**WORK REQUEST**.
Write out all the entries word for word and omit any pictures.

Short text fragments from websites
□ □ □ □ □
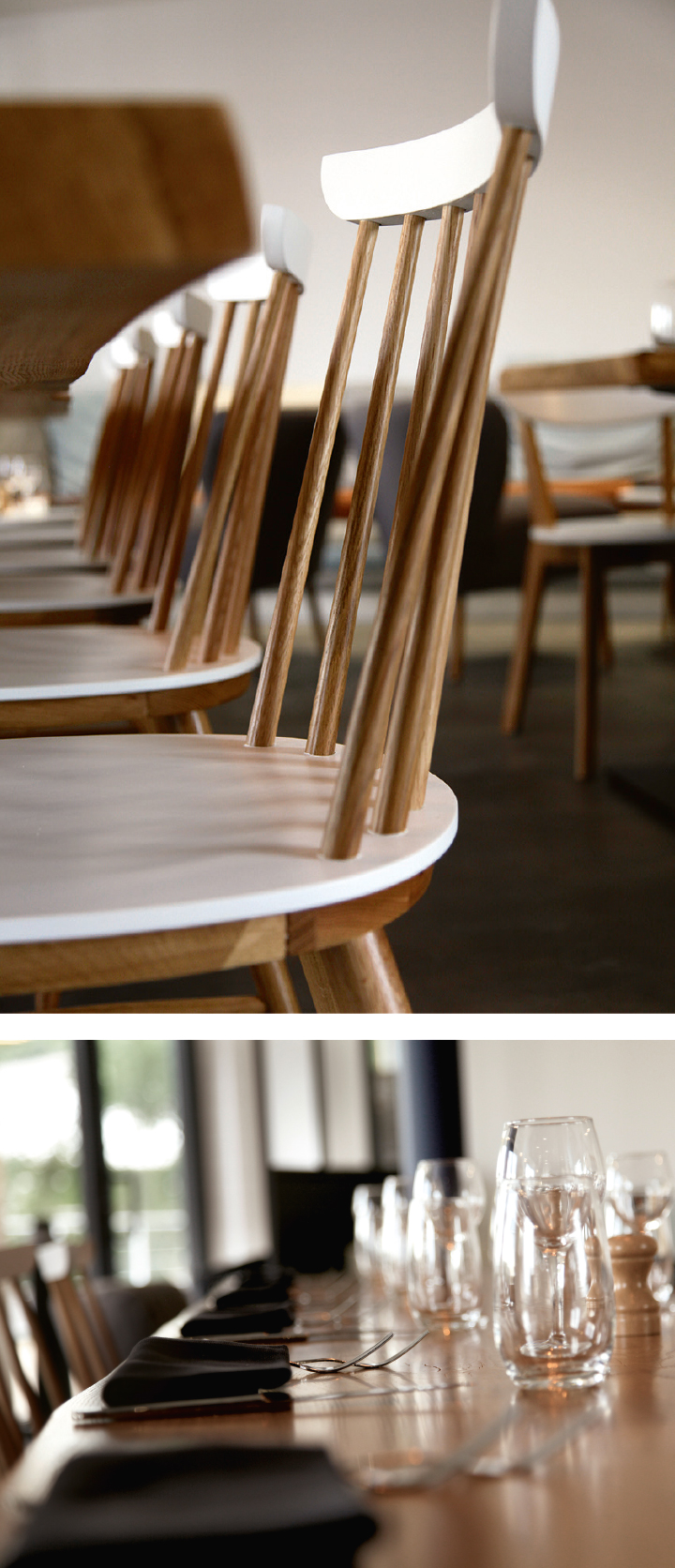 Chaises et tables du restaurant pour déjeuner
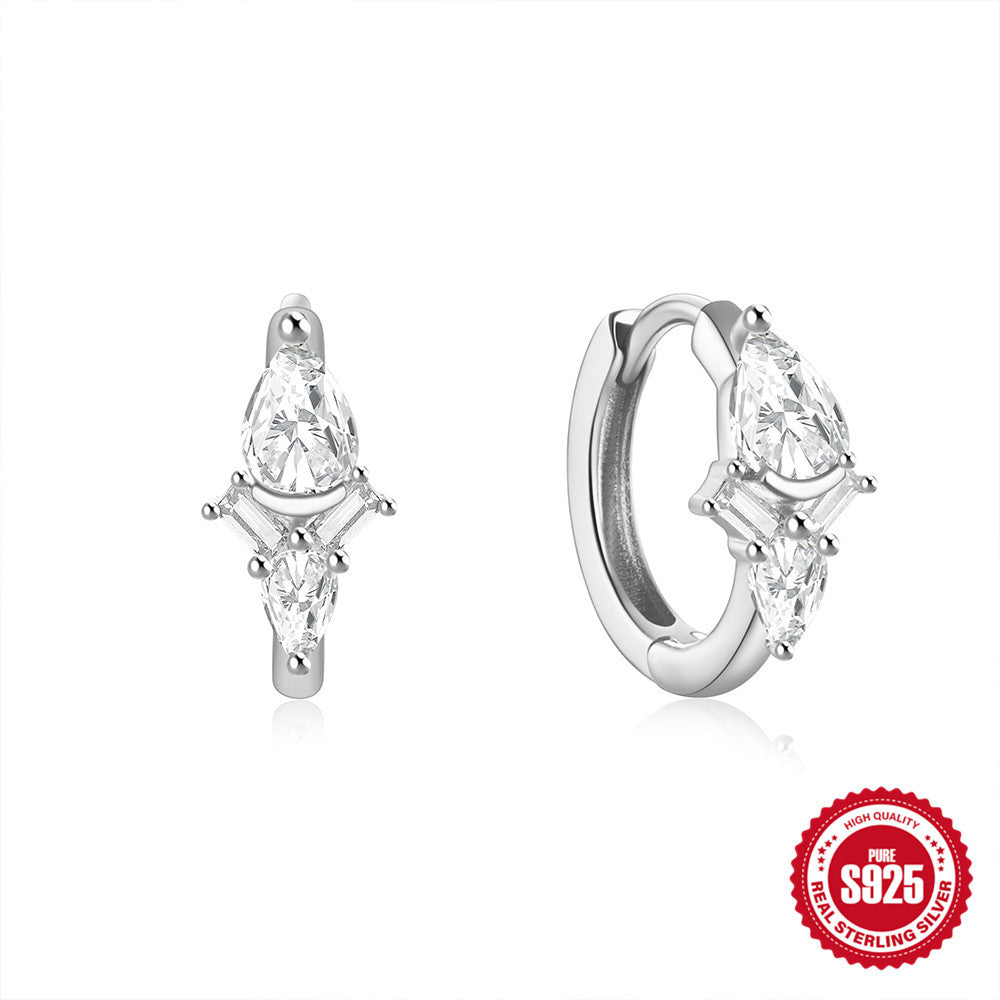 S925Sterling Silver Heart Geometric Inlaid Diamond Hoop Earrings Hot Sale Irregular Ear Clips Earrings for Women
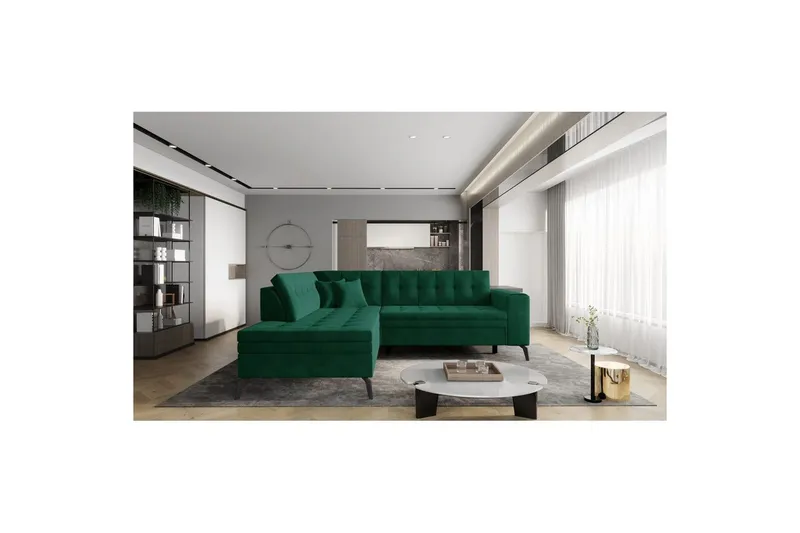 Sektion Eltap Lanvin 260x210x93 cm - Lukso 35, Mörkgrön, Vänster — Lukso 35, Mörkgrön, Vänster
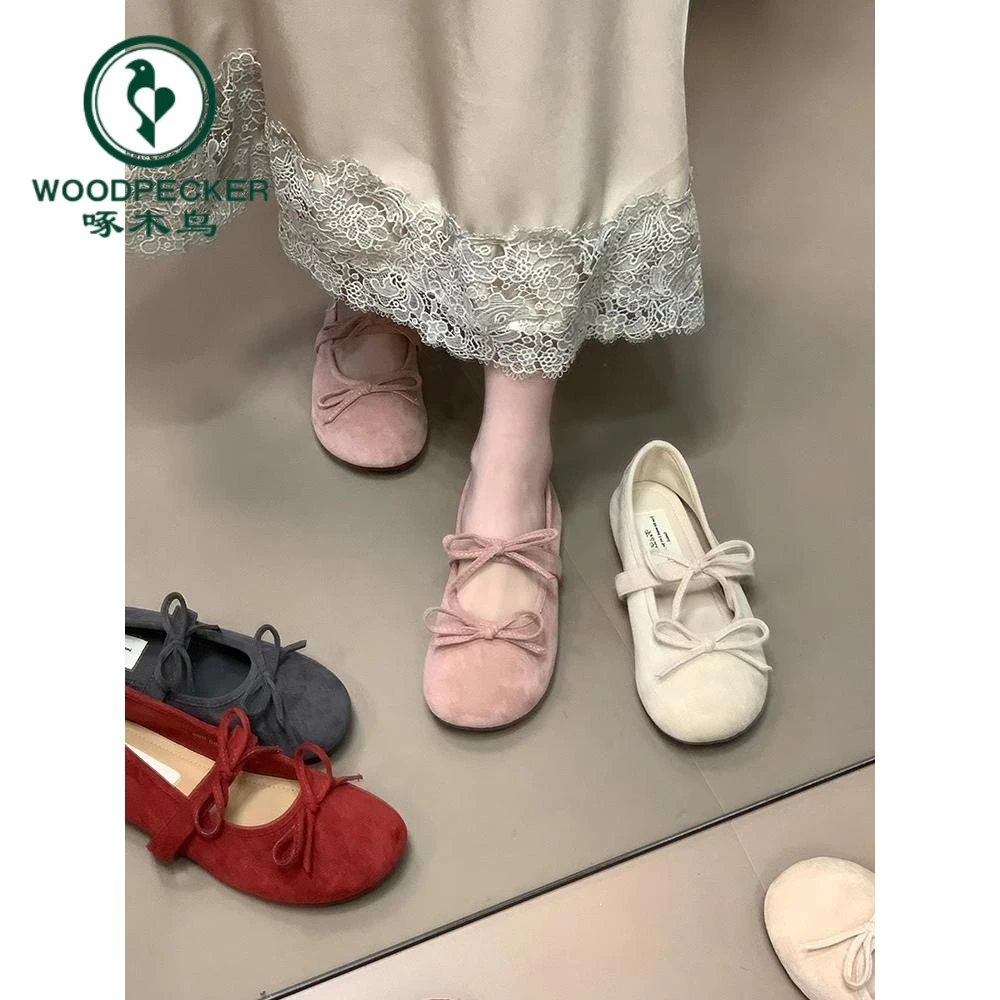 啄木鸟晚风平底芭蕾鞋法式双蝴蝶结玛丽珍早春女鞋配裙子单鞋新款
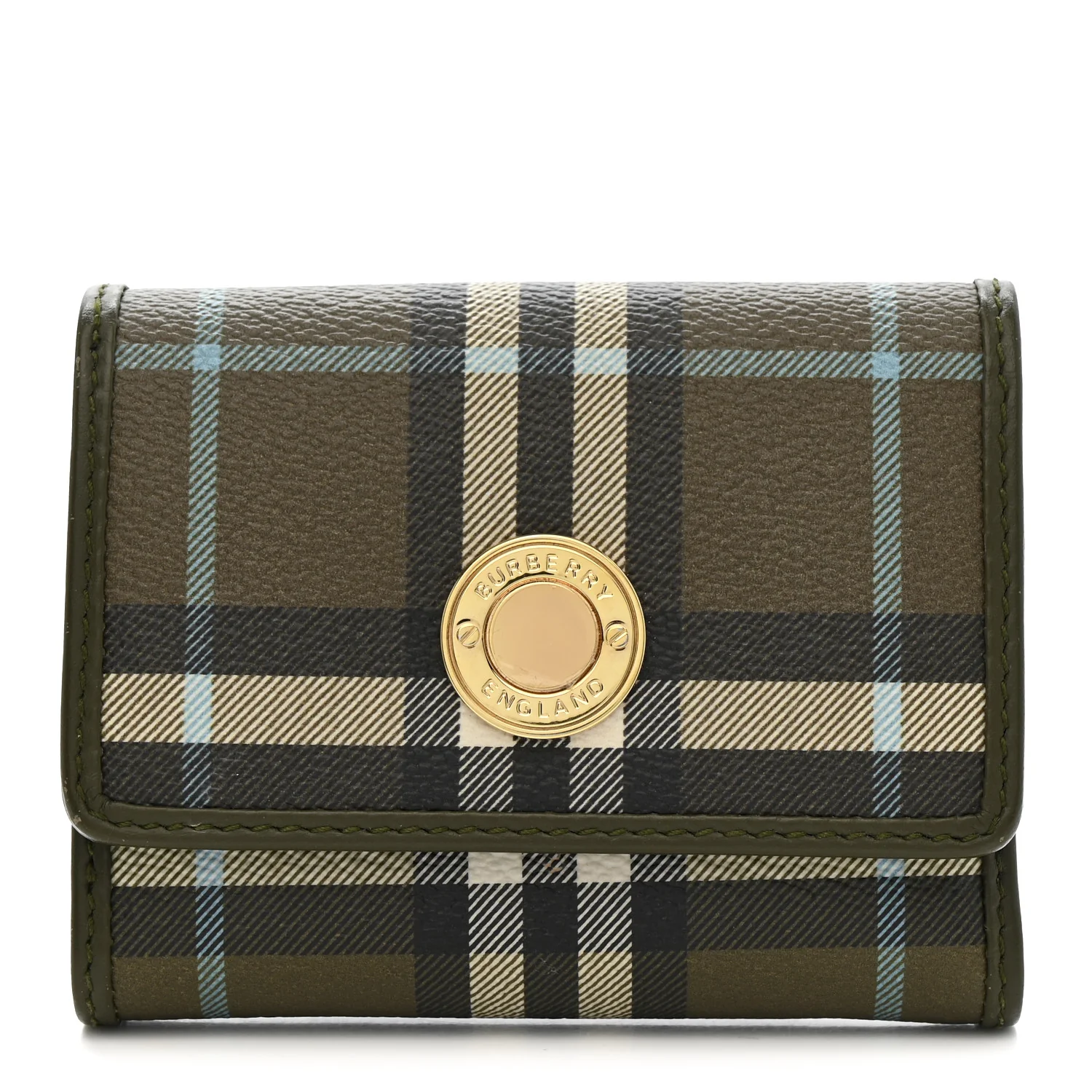 Vintage Check Tri-Fold Wallet Olive Green
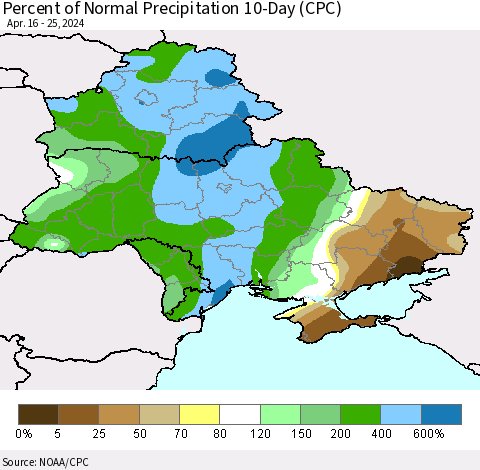 Ukraine, Moldova and Belarus Percent of Normal Precipitation 10-Day (CPC) Thematic Map For 4/16/2024 - 4/25/2024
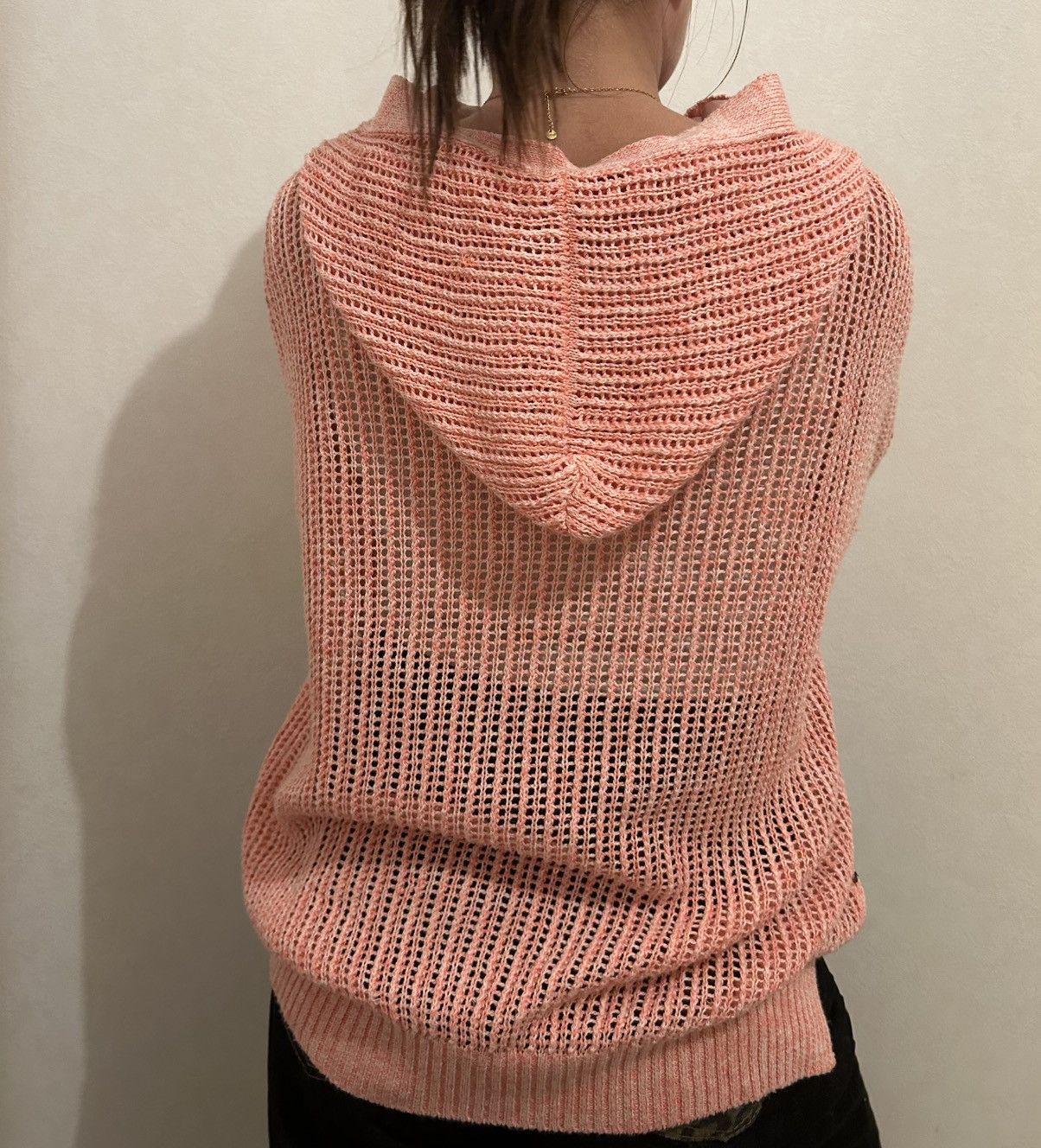 Roberto Collina Roberto Collina Pink Hooded Cardigan Open Knit Linen Size M Size M / US 6-8 / IT 42-44 - 4 Thumbnail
□ □ □ □ □
**ANSWER AREA**.
 Chaises et tables du restaurant pour déjeuner
 S925Sterling Silver Heart Geometric Inlaid Diamond Hoop Earrings Hot Sale Irregular Ear Clips Earrings for Women
 Sektion Eltap Lanvin 260x210x93 cm - Lukso 35, Mörkgrön, Vänster — Lukso 35, Mörkgrön, Vänster
 啄木鸟晚风平底芭蕾鞋法式双蝴蝶结玛丽珍早春女鞋配裙子单鞋新款
 Vintage Check Tri-Fold Wallet Olive Green
 Ukraine, Moldova and Belarus Percent of Normal Precipitation 10-Day (CPC) Thematic Map For 4/16/2024 - 4/25/2024
 Roberto Collina Roberto Collina Pink Hooded Cardigan Open Knit Linen Size M Size M / US 6-8 / IT 42-44 - 4 Thumbnail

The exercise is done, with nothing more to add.